Lord Kitchener's Own said...

Gee, I wonder what parallel BCL is trying to establish?

Anyway, show me a post-WWII comment where Churchill expresses indifference to a renewed rounding up of the Jews and I'll agree. Parallel established.

As for the quotes here, the worst of it is this idea that Jews are "partly responsible for the antagonism from which they suffer". His observationa that Jews are different from Christians isn't that politely stated, but it's hardly even remarkable, let alone anti-semitic. If someone (oh, I don't know who) had said recently that the actions of Jewish lobby groups or even just "the Jews" were "partly responsible" for the rise in anti-semitism, we wouldn't even be discussing this.

Expressing a pre-holocaust observation that the Jews might bear some responsibility for the antagonism they then faced is patently different from expressing a post-holocaust indifference to the renewed rounding up of the Jews. Suggesting a group is partly responsible for their own persecution is bad, I grant you. Stating an indifference to the persecution itself is worse.

And Mike, your comment is inane. That's all, just wanted to say your comment was inane.

bigcitylib said...
This comment has been removed by the author.
bigcitylib said...

I am not drawing parallels, LK.

So pre 1939 Churchill's saying that Jews might be partly responsible for anti-semitism because they refuse to assimilate is okay. Okay and true, or okay but false?

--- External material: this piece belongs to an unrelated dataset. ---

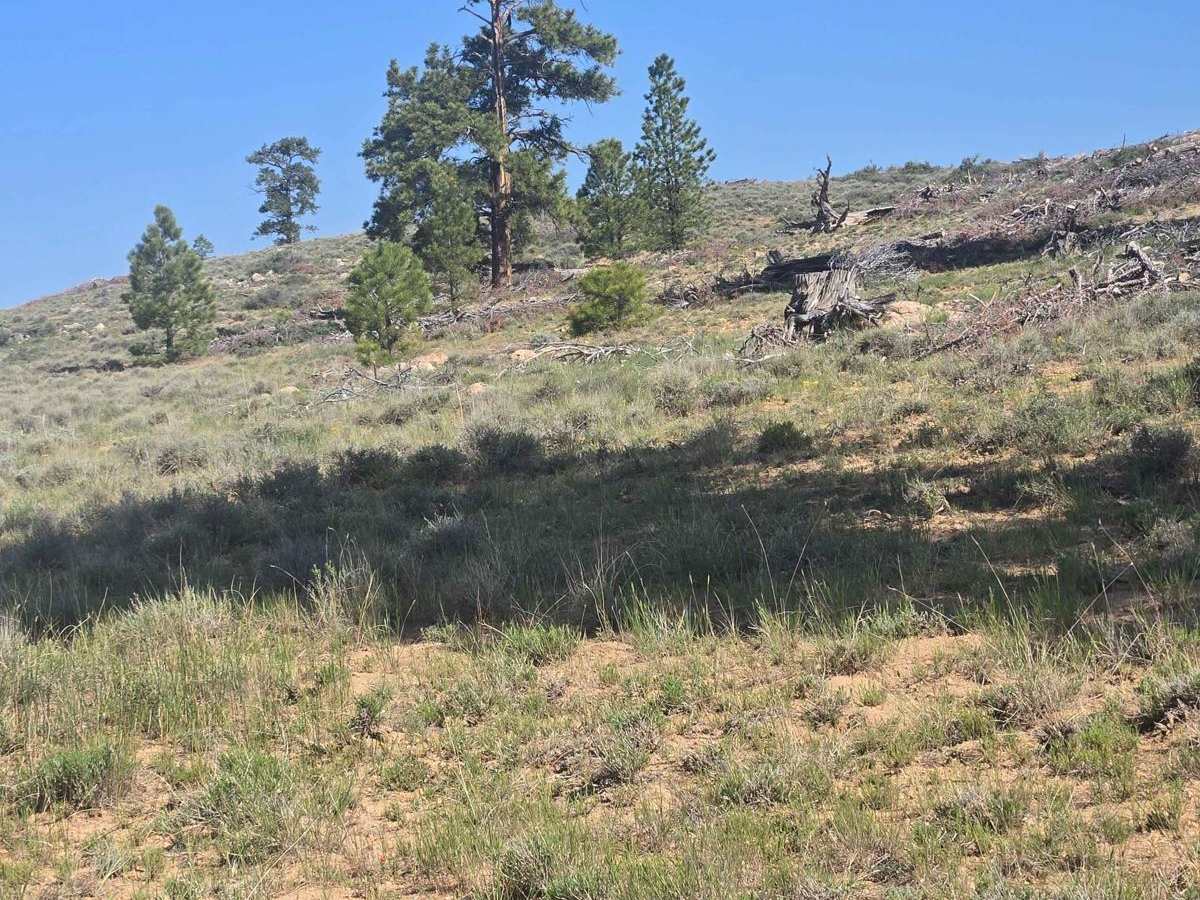 Gussie Draw Trail photo 6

Post 1945,it is not okay? But not okay because it is not true? Or not okay regardless of its truth?

Lord Kitchener's Own said...

No, it's not "OK" in 1937, nor in 1945, however I do think one's understanding of the potential evils that can arise out of anti-semitism must be greater in 1945 than 1937, so there is less excuse, such as there is any excuse, for making such statements post-holocaust.

If there's no parallel here though, then I wonder what the point of this post is? Winston Churchill was a bit of a racist? Well, yeah. And people generally were a lot more racist in 1937 then they are today. So what?

I just can't shake the idea though that this post is suggesting "if it's good enough for Winston Churchill...". Or, at the very least, "You can't attack anyone for saying something inexcusible if you won't attack Churchill for saying this".

Ti-Guy said...

And people generally were a lot more racist in 1937 then they are today. So what?

How do you actually know this? Diverse people have been living together for millenia. Right now, expressions of racism are not fashionable. But don't tell the anti-Muslims that, of course.

I think we now have a much better understanding of rule of law and human rights, or, at least, we've codified these concepts more exhaustively. But are people any less or more racist than before?

I, quite frankly, don't really know. I'm surprised some people seem to actually *know* this, one way or the other.

Ti-Guy said...

Churchhill was a "racist" in the sense that he believed different races had different qualities. That's how people thought in his time. You have to view it in context.

You know, when you address issues like this, you really sound like a dillettante. It's time for you to grow up, Jason. You may be a fresh-faced, elfin enfant terrible lawyer, but on issues like this, you are simply out of your league.

Anonymous said...

Doesn't appear to reflect any hatred against them. Nothing to see here.